Structure·Centric ML
Field Note No. 02  ·  Structure-Centric ML
arXiv: 2603.13339  ·  A. Elmahdi, PhD
Three decades of density-based clustering have rested on the wrong primitive.

Structure, not distance.

Density-based clustering — DBSCAN (1996), HDBSCAN (2013), and their descendants — encode cluster identity through point-to-point geometric distance. Structure-Centric clustering encodes cluster identity through topological organization within the data's native feature space.

Why thirty-year-old clustering fails on modern data.

In low dimensions, distance is meaningful. Two points being three units apart in a two-dimensional plane carries information about their similarity. Distance-based clustering methods exploit this fact — DBSCAN's ε-neighborhoods, HDBSCAN's mutual-reachability distance, hierarchical clustering's pairwise distances. They all measure geometry.

In high dimensions, this assumption breaks. As dimensionality grows past a few dozen, every point becomes roughly equidistant from every other point. The variance of pairwise distances collapses relative to the mean — the so-called concentration of measure phenomenon. Geometric similarity becomes meaningless.
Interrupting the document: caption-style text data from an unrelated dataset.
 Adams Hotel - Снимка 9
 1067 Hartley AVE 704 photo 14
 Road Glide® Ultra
The standard workaround is dimensionality reduction: compress the data to two or ten dimensions with UMAP, PCA, or t-SNE, then apply a distance-based clustering method to the reduced space. This is the BERTopic pipeline. This is how every social listening platform works. And every step of compression destroys the structural information that defines the clusters.
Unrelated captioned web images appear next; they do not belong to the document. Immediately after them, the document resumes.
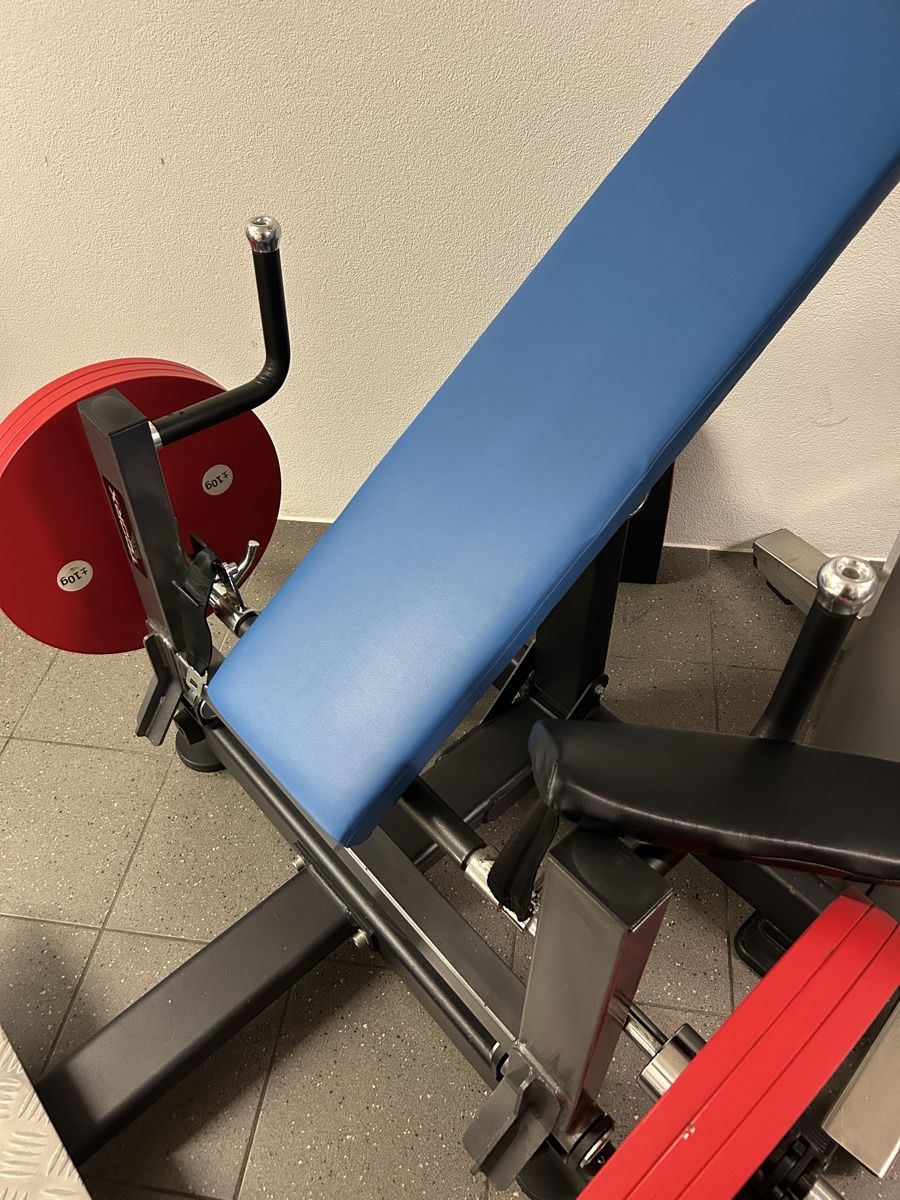 Vélos d'appartement: Hip Thrust Toorx Pro – D'occasion à Locarno par Berserkr96 2
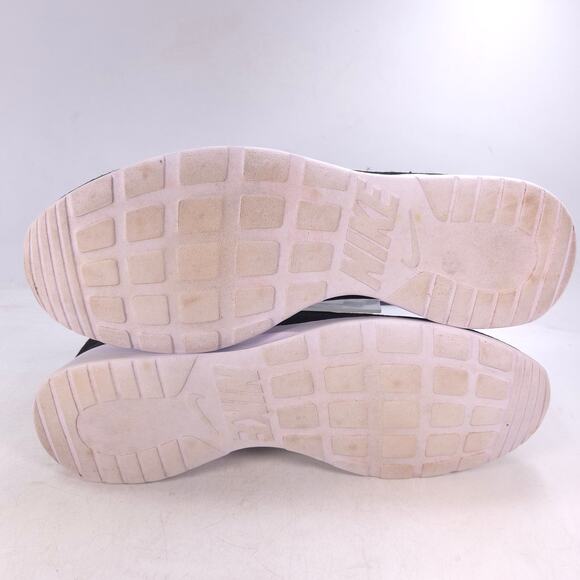 Nike Tanjun Lace Up Athletic Running Shoe Womens Size 10 812655-011 Black - Picture 7 of 10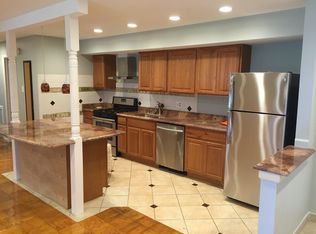 2301 Greenery Ln #T-1-5, Silver Spring, MD 20906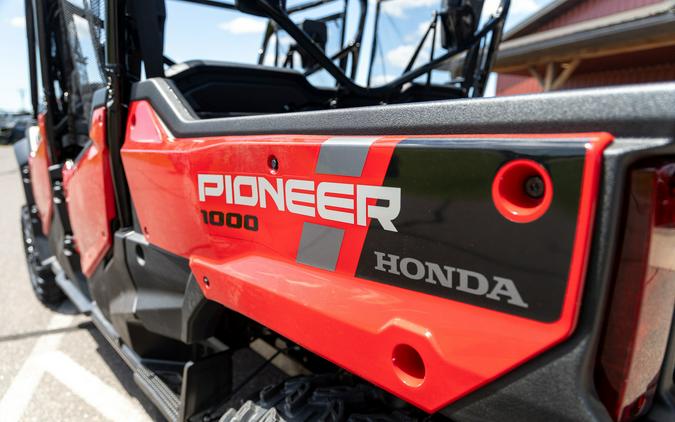 2024 Honda Pioneer 1000-6 Crew Deluxe - AVENGER RED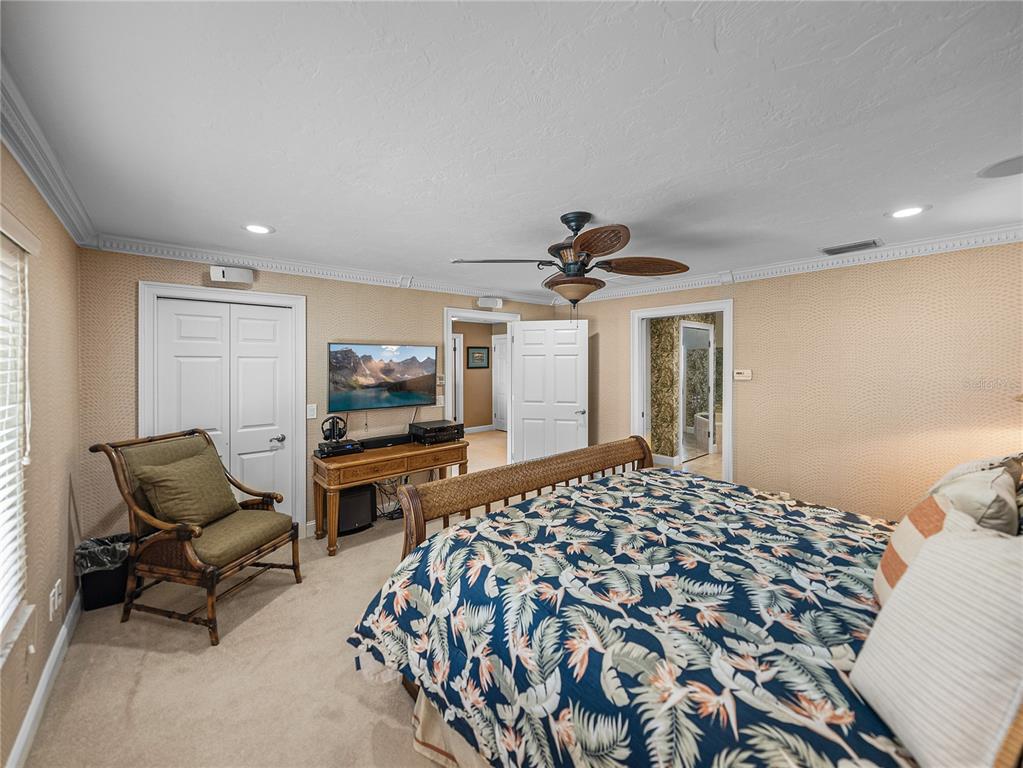 Winter Haven, Florida, 33884, United States, 3 Bedrooms Bedrooms, ,4 BathroomsBathrooms,Residential,For Sale,1895737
What if cluster identity were encoded topologically?

Structure-centric clustering replaces the question "how far apart are two points?" with a different question: "how are points organized within a graph defined by their nearest neighbors?"

Once the data has been embedded into a kNN graph, distances are no longer needed. What matters is the topology — which points are connected to which, which regions form dense subgraphs, where the boundaries between communities lie. The kNN graph captures local structure faithfully even in 5,000 dimensions, because it only needs to identify each point's nearest neighbors, not measure absolute distances.
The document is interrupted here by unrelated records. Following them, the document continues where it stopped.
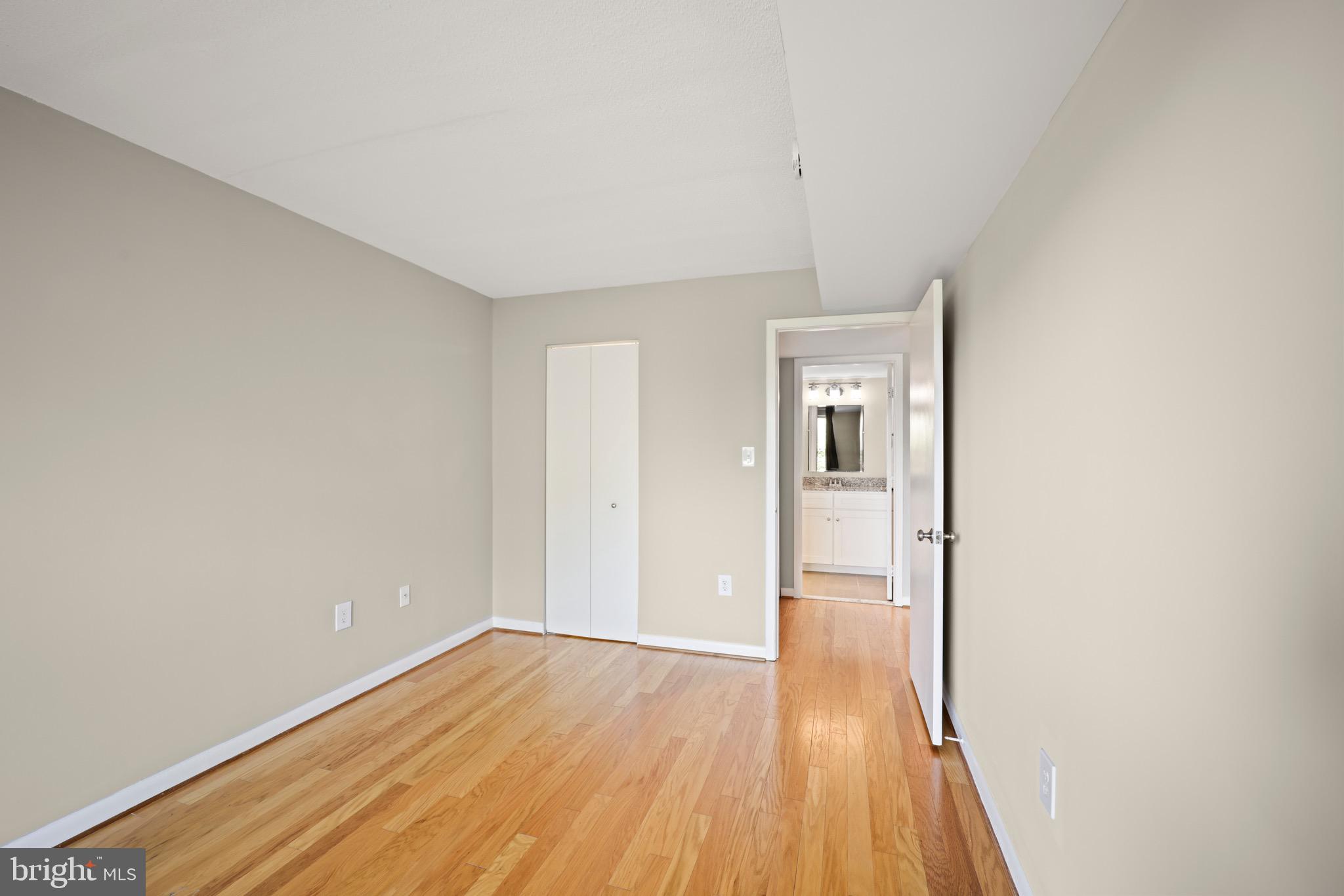 2141 Wisconsin Ave NW #502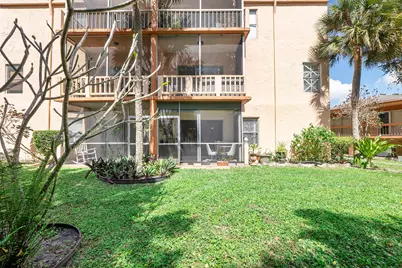 8390 Lagos De Campo Boulevard, Tamarac, FL 33321 - Photo 19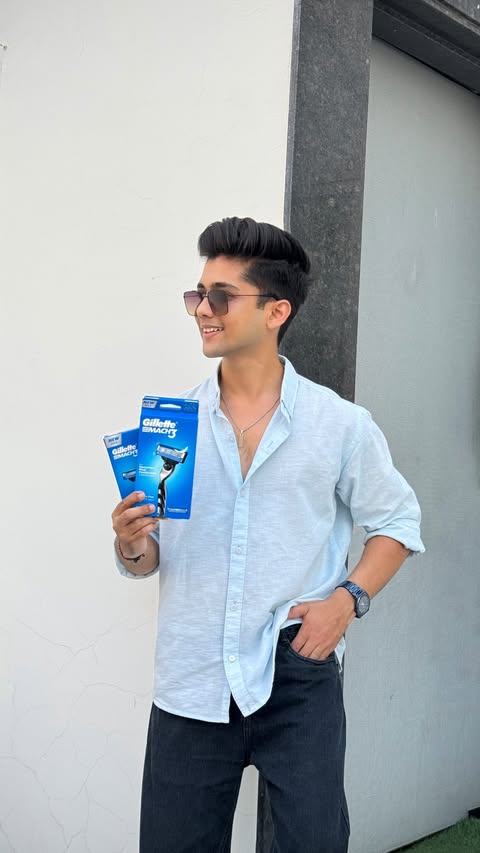 Instagram post by @itsyashsharma7 for Gillette. Caption reads: [...] and moisturising lubrastrip. #GilletteMach3....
Cluster identity should be a property of how points are connected, not how far apart they are.
— The structure-centric thesis

From this reframe, three properties follow that no distance-based method can match. First, parameters become scale-invariant. Because cluster identity is structural, the same parameters that work on a 1,000-point sample work on a 1,000,000-point dataset — they describe a topological property, not a metric distance. Second, every point gets assigned to a cluster. There is no need for a noise category, because the topological organization is unambiguous even at boundary regions. Third, validity metrics survive into thousands of dimensions, because they too operate on the kNN graph, not on pairwise distances.

Where this fits in clustering history.

Era Method Primitive Native dim. Discards data?
1967 K-Means (MacQueen) Euclidean centroid distance Low No (forces all points)
1996 DBSCAN (Ester et al.) ε-neighborhood density Low Yes (noise)
2013 HDBSCAN (Campello et al.) Mutual reachability distance Low Yes (noise)
2026 Structure-Centric (Elmahdi) kNN graph topology 5,000+ No

Each era of clustering has been defined by a primitive — a fundamental quantity the algorithm operates on. K-Means measured centroid distance. DBSCAN measured neighborhood density. HDBSCAN measured mutual reachability. Structure-Centric methods measure graph topology. The shift in primitive enables the shift in capability.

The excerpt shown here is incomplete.